Prompt ::
Among the records that follow, find the line with "Łódź. Ośrodek Rehabilitacji" and the line with "site-sheep1.jpg". Set down those lines and all lines between them exactly, without adding anything.

Material supplied ::
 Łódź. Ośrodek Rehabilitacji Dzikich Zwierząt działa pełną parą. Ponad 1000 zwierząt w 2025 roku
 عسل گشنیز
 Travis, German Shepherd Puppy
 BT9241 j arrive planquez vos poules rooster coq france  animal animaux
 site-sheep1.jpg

---

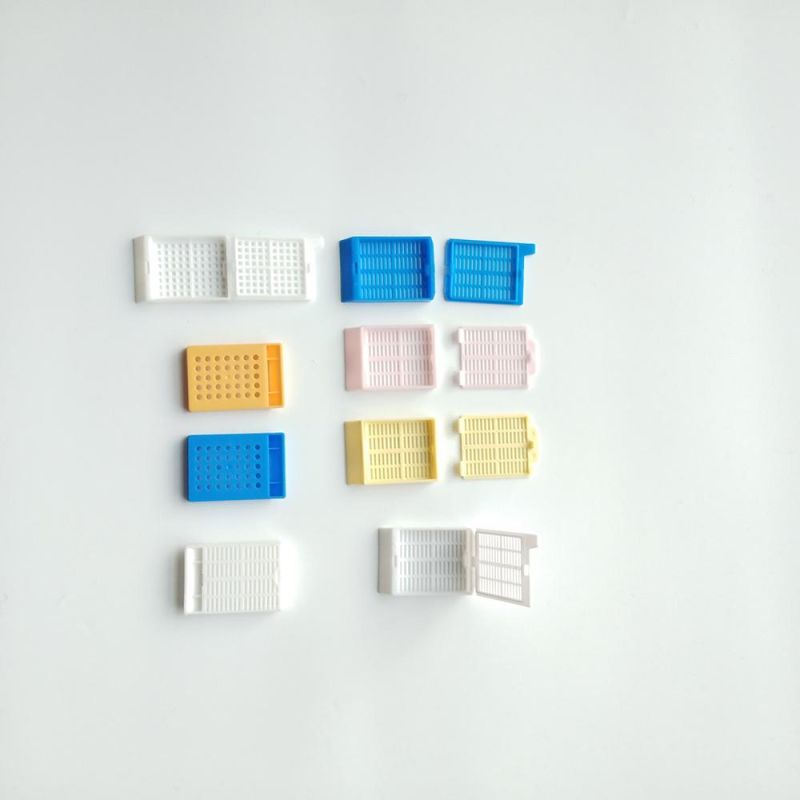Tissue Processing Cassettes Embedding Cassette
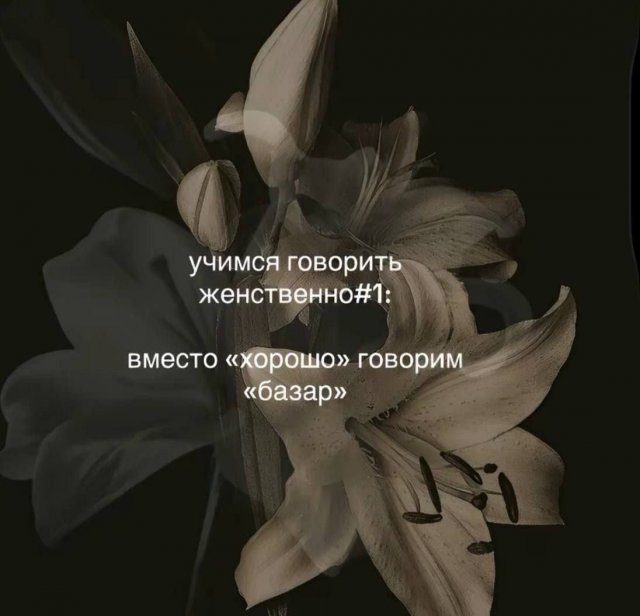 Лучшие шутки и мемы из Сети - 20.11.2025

Answer to the exercise ::
 Łódź. Ośrodek Rehabilitacji Dzikich Zwierząt działa pełną parą. Ponad 1000 zwierząt w 2025 roku
 عسل گشنیز
 Travis, German Shepherd Puppy
 BT9241 j arrive planquez vos poules rooster coq france  animal animaux
 site-sheep1.jpg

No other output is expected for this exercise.